Autodesk Takes Simulation To The Cloud With Project Centaur

CAD on the cloud maybe still a long way off. The things that are really close are time and resource intensive processes such as rendering, simulation, analysis, etc. I just got off a web meeting with Ravi Akella and Jeff Wymer of Autodesk wherein I was given a demo of something Autodesk is calling Project Centaur, basically simulation on the web using the cloud. I will get to what exactly this is in a moment. But first let me tell you what problems Autodesk intends to solve with this technology.

Firstly Autodesk is trying to put simulation in the hands of each and every Inventor user, not just specialized simulation experts, who frankly don’t use  much of Inventor anyways. They are trying to offer a highly simplified work flow for design optimization. Secondly, they are offering a technology that allows users to work asynchronously. For example, while your design is being optimized in the cloud you can continue working on other things. And lastly, they are offering users the power of high end computing way superior than their desktop machines.

So how does Project Centaur work? Basically Project Centaur is an add-in that works inside Inventor. It takes the geometry and optimization inputs from the user and sends it across to the cloud where the actual simulation happens. After the simulation is complete, the results are sent back to the user right inside Inventor. He can then pick the optimal solution and apply it to automatically modify his geometry.

Click image for larger view

I was given a demo which showed this technology in action. The demo involved optimizing one of the parts of inventor assembly. Given below are screen shots explaining the process.

The Inventor assembly. The part to be optimized was one of the claws.

The add-in is invoked by clicking the “Optimization” button on the far right of the ribbon. Click the image for a larger view.

The add-in pops up a floating ribbon with commands that suggest a simple and sequential flow of actions to be performed by a user.

The first command lets the user sets the material of the part. As with most commands in the ribbon, hovering over them drops down a brief explanation of the command including a short video explaining the process a little further.

The next thing is to add constraints.

After adding constraints you apply loads.

Next you specify the parameters of the model that you wish to optimize in your design.

Before you click “Optimize” you can click “Settings” to setup your optimization. You can set the number of values for each parameter, a parameter range as a percentage and a target safety factor.

Clicking “Optimize” uploads your design and optimization parameters to the cloud.

While the servers in the cloud are cranking away at your design, you can continue with your work. Ravi went ahead and created this drawing. When the optimization results came back a message popped up letting him know. Click the image for a larger view.

Here is the optimized design. Click the image for a larger view.

By default the add-in shows the optimum design along with four more designs that come close to it. If you want to see other designs you simply move the sliders for safety factor and weight and they will show up. Select whichever you want and apply it to your design. Your inventor model will be automatically modified.

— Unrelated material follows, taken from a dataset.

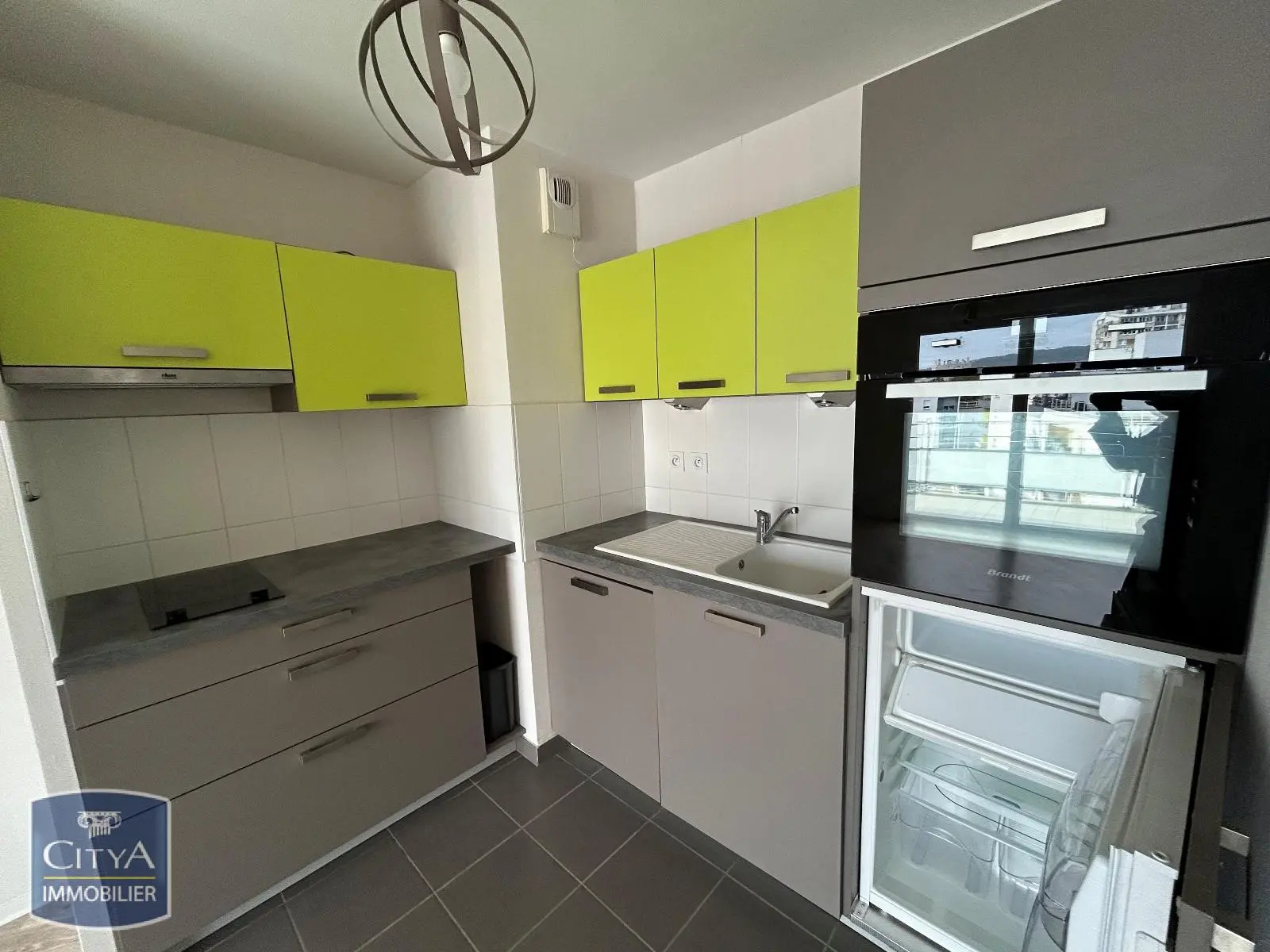 Photo 4 Appartement 2 pièces 44.54m²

So how much will this cost? I asked whether the price of this service (which is exactly what it is – a service) will be dependent on processing time, size of the data or complexity of the data or a combination of the above. As of now Autodesk has no idea. They are busy developing this technology and evaluating the feedback received from customers. I asked about concerns of intellectual property. Currently Autodesk is using Amazon S3 and claims that the security in place there is the best there is. Jeff mentioned something interesting. He said that they had given their customers a set of sample parts and assemblies to try out the system. However, they found that 80% of the data that went throught the system was the customer’s own data and not the sample designs provided by Autodesk. So in their opinion, customers are quite comfortable with their intellectual property being sent outside their company firewall and processed in the cloud. But nevertheless Autodesk did put up a disclaimer on the add-in splash screen which read, “Inventor Optimization Technology Preview does not provide data security and Autodesk assumes no liability for the security of proprietary data“. (see third image above)

So how can you get your hands on this technology? Its quite simple. Join the Autodesk Feedback Community by registering at http://beta.autodesk.com and look for the “Inventor Optimization Tech Preview” project.

CAD on the cloud maybe closer than you think. 😉

  • Mook

    Is it really a service which would require 3rd party to become involved, or a capability to optimize based on user specified criteria? I'm skeptical that this capability would be useful in real world designs.. to take just one example, note how simplified the boundary conditions are – pinned or fixed. I would imagine that many parts would require springs (K) and releases in any specified direction, not just “pin” with more advanced designs requiring nonlinear BC's. What are the failure modes (buckling, fatigue, strength, etc?) of the design? Are elements modeled using shell, membrane or solid, etc, etc. Every design situation will be different with many variables that could make or break the validity of the design. Geometry and material data would be useful as a running head start, but to do what ADSK seems to suggest this optimization will do doesn't seem realistic at all.